◆ INFORMATION PROVIDED
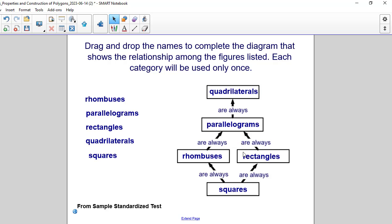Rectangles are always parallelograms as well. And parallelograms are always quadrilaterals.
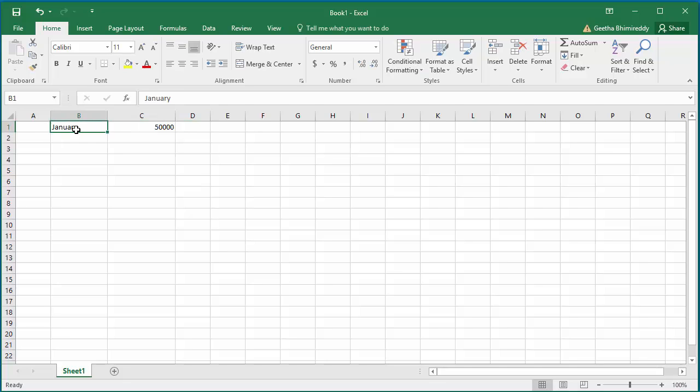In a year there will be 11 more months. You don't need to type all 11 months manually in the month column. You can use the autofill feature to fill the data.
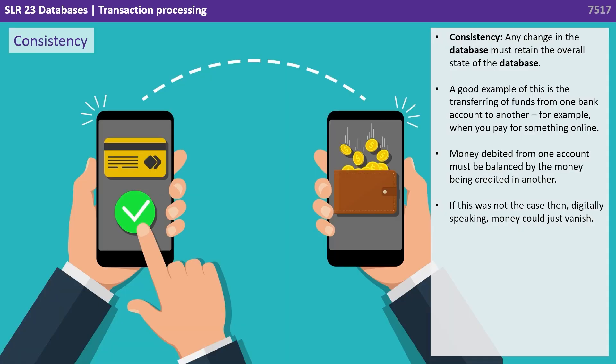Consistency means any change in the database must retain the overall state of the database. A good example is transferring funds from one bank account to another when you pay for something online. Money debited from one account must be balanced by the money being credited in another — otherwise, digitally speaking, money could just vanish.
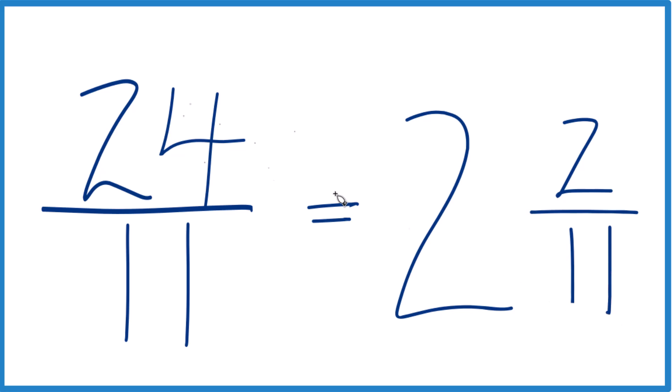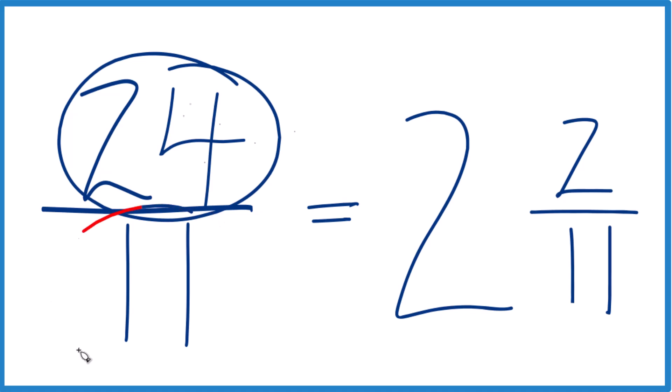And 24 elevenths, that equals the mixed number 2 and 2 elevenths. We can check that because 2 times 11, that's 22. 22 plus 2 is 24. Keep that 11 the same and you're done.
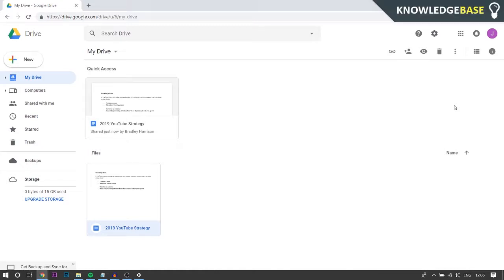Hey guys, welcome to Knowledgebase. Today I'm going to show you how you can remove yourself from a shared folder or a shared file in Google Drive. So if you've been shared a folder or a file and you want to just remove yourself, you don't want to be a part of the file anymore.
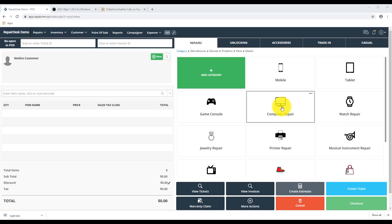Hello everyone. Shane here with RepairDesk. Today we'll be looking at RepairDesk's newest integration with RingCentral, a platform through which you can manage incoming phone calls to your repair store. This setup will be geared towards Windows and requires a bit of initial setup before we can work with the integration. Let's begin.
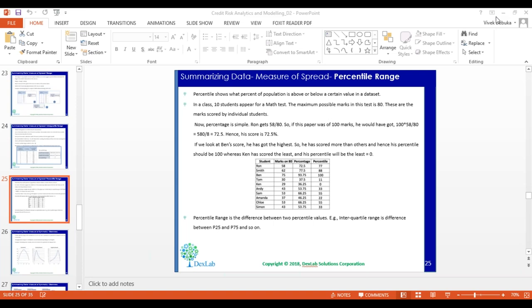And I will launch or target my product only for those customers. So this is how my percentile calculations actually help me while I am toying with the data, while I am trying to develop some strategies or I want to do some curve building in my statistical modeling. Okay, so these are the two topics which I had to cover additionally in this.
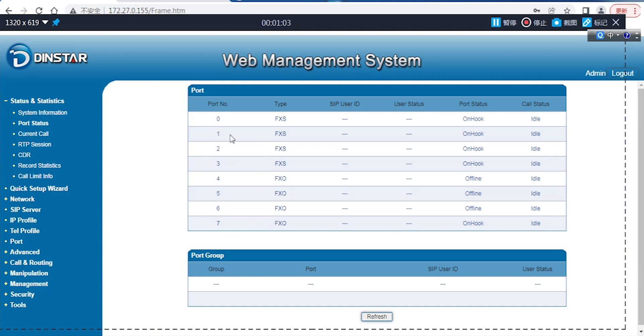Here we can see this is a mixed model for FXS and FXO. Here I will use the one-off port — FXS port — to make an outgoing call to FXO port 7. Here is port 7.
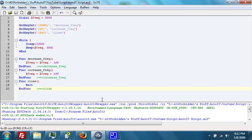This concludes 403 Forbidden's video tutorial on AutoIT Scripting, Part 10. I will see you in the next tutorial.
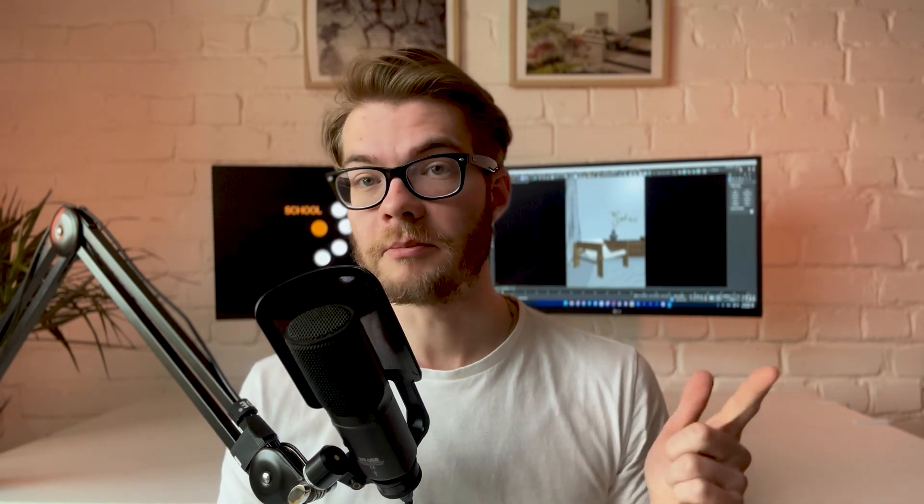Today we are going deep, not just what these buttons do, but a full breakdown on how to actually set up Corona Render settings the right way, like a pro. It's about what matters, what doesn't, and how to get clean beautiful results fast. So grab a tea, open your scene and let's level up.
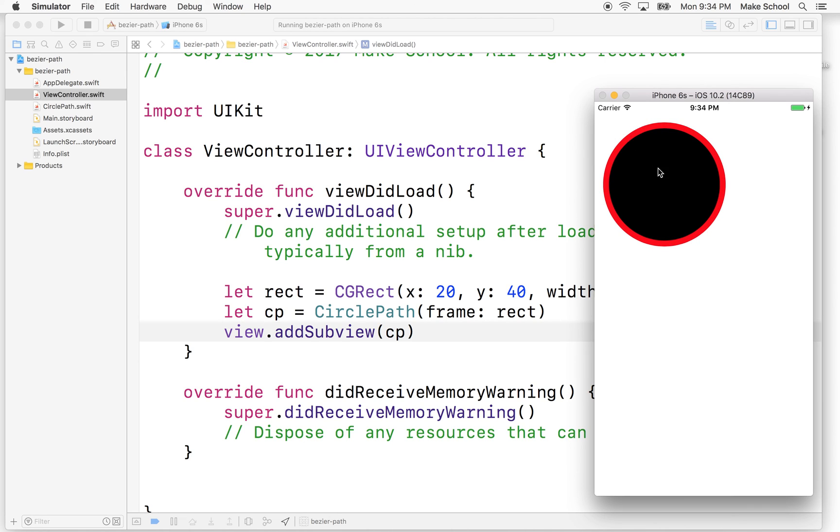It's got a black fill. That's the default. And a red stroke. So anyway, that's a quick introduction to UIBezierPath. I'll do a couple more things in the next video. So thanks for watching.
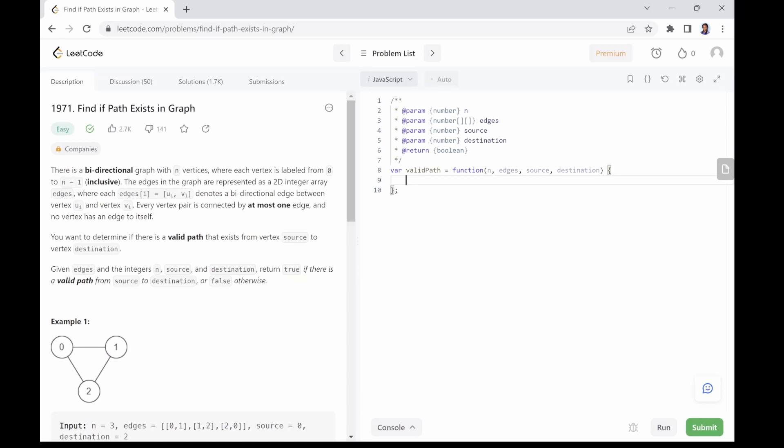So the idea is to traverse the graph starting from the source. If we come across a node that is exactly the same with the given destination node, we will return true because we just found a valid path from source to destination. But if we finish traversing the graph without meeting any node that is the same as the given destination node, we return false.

...

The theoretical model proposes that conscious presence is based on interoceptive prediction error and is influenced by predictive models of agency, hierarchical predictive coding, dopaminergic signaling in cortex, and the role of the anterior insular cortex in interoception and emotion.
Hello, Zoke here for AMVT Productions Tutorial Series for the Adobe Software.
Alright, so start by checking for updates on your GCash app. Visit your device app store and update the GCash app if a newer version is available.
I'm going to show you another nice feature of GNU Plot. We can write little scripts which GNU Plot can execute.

◆ AIM OF THE TASK
What belongs in the answer is each line above from the line with "And 24 elevenths, that" to the line with "It's got a black", inclusive, reproduced exactly and free of pictures.

◆ EXERCISE RESPONSE
And 24 elevenths, that equals the mixed number 2 and 2 elevenths. We can check that because 2 times 11, that's 22. 22 plus 2 is 24. Keep that 11 the same and you're done.
Hey guys, welcome to Knowledgebase. Today I'm going to show you how you can remove yourself from a shared folder or a shared file in Google Drive. So if you've been shared a folder or a file and you want to just remove yourself, you don't want to be a part of the file anymore.
Hello everyone. Shane here with RepairDesk. Today we'll be looking at RepairDesk's newest integration with RingCentral, a platform through which you can manage incoming phone calls to your repair store. This setup will be geared towards Windows and requires a bit of initial setup before we can work with the integration. Let's begin.
And I will launch or target my product only for those customers. So this is how my percentile calculations actually help me while I am toying with the data, while I am trying to develop some strategies or I want to do some curve building in my statistical modeling. Okay, so these are the two topics which I had to cover additionally in this.
Here we can see this is a mixed model for FXS and FXO. Here I will use the one-off port — FXS port — to make an outgoing call to FXO port 7. Here is port 7.
This concludes 403 Forbidden's video tutorial on AutoIT Scripting, Part 10. I will see you in the next tutorial.
Today we are going deep, not just what these buttons do, but a full breakdown on how to actually set up Corona Render settings the right way, like a pro. It's about what matters, what doesn't, and how to get clean beautiful results fast. So grab a tea, open your scene and let's level up.
It's got a black fill. That's the default. And a red stroke. So anyway, that's a quick introduction to UIBezierPath. I'll do a couple more things in the next video. So thanks for watching.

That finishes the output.